Content starts

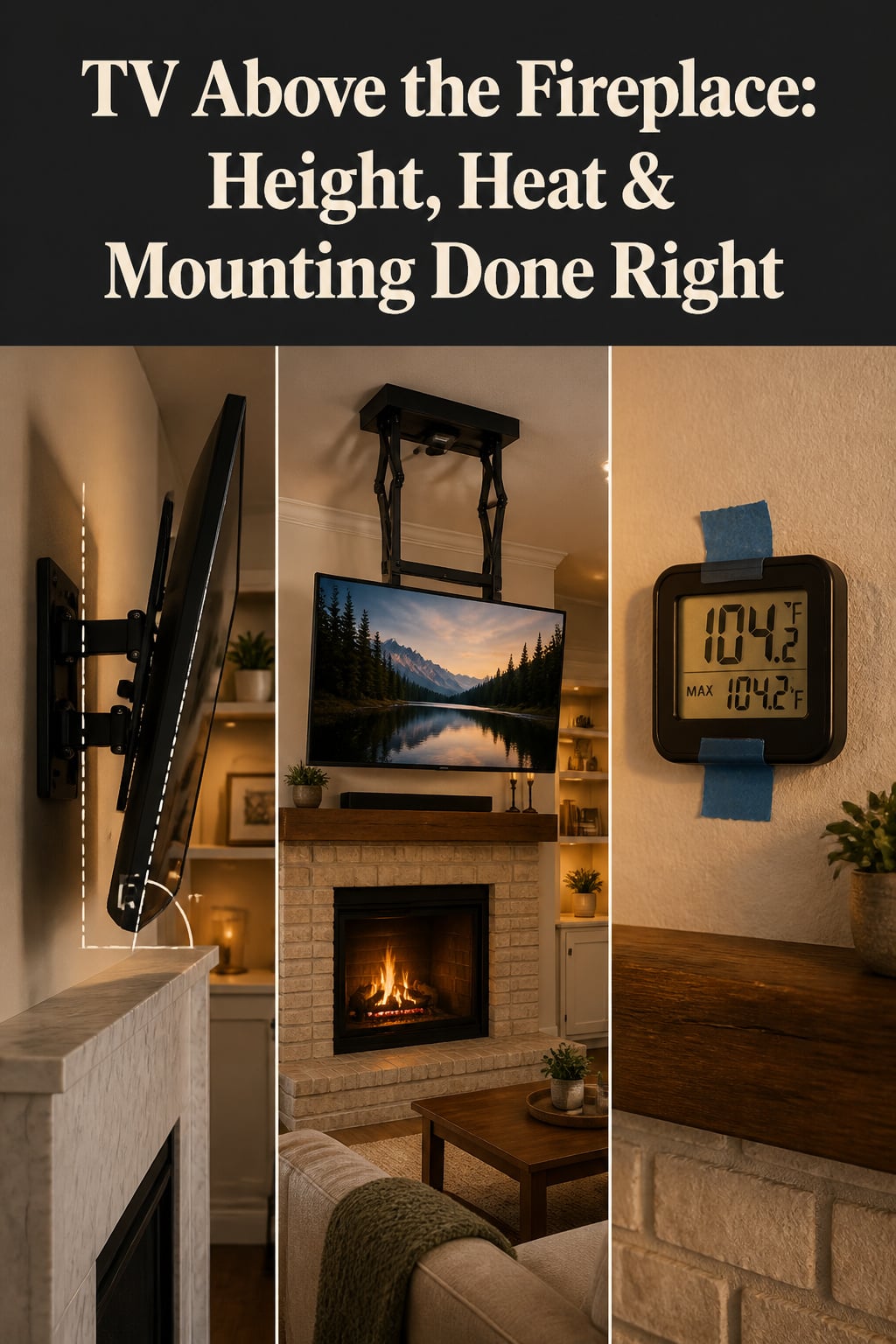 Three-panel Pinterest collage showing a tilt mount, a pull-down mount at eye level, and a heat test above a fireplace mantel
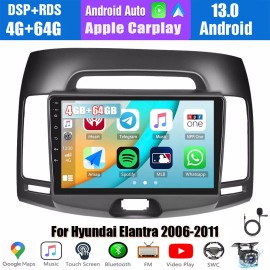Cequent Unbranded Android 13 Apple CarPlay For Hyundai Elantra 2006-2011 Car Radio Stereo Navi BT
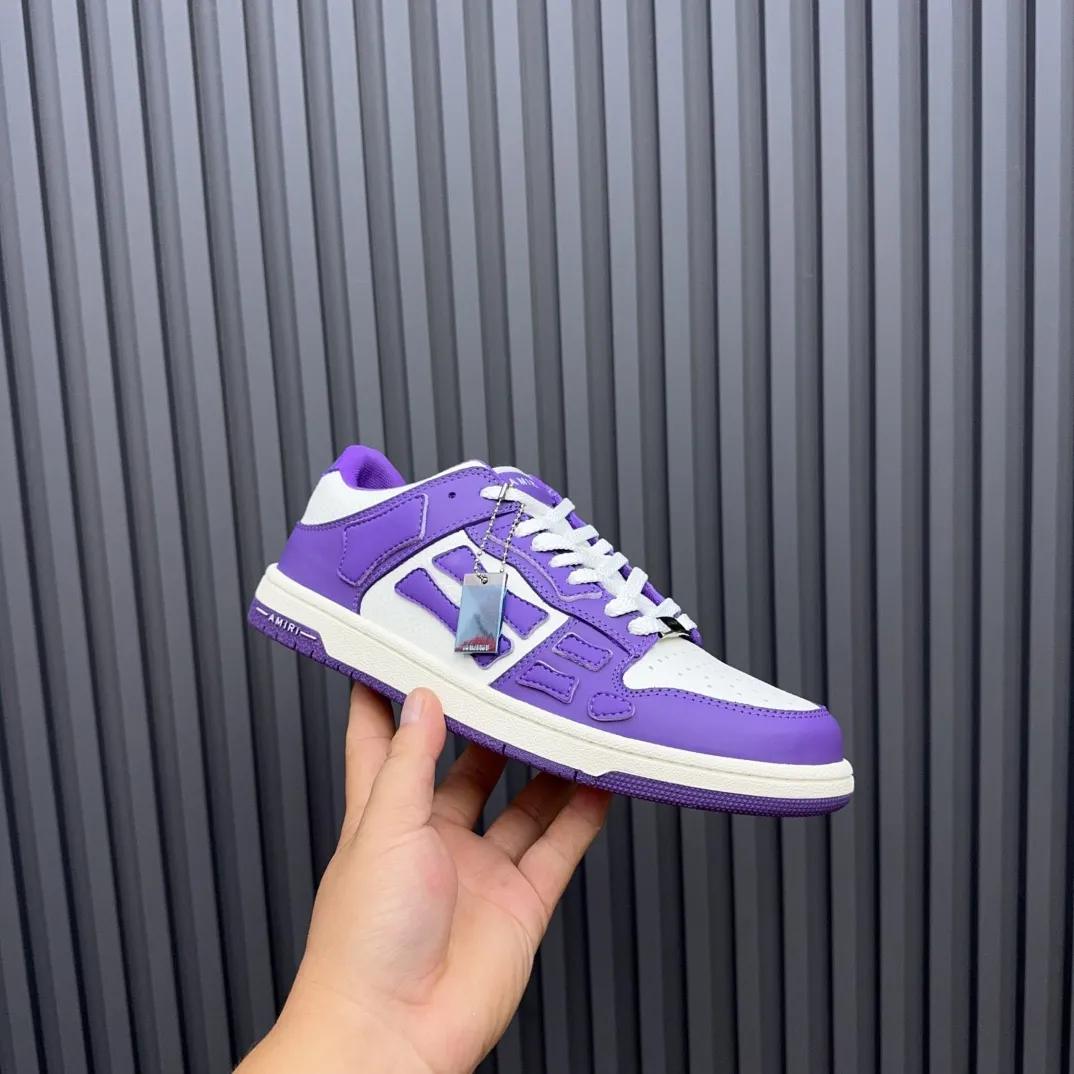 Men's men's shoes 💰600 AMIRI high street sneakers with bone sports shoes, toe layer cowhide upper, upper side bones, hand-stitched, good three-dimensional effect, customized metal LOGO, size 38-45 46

Content ends

Task item
Transcribe exactly, and without any pictures, each line from the one that holds "Cequent Unbranded Android" through the final line of the material above.

Solution to the exercise
Cequent Unbranded Android 13 Apple CarPlay For Hyundai Elantra 2006-2011 Car Radio Stereo Navi BT
 Men's men's shoes 💰600 AMIRI high street sneakers with bone sports shoes, toe layer cowhide upper, upper side bones, hand-stitched, good three-dimensional effect, customized metal LOGO, size 38-45 46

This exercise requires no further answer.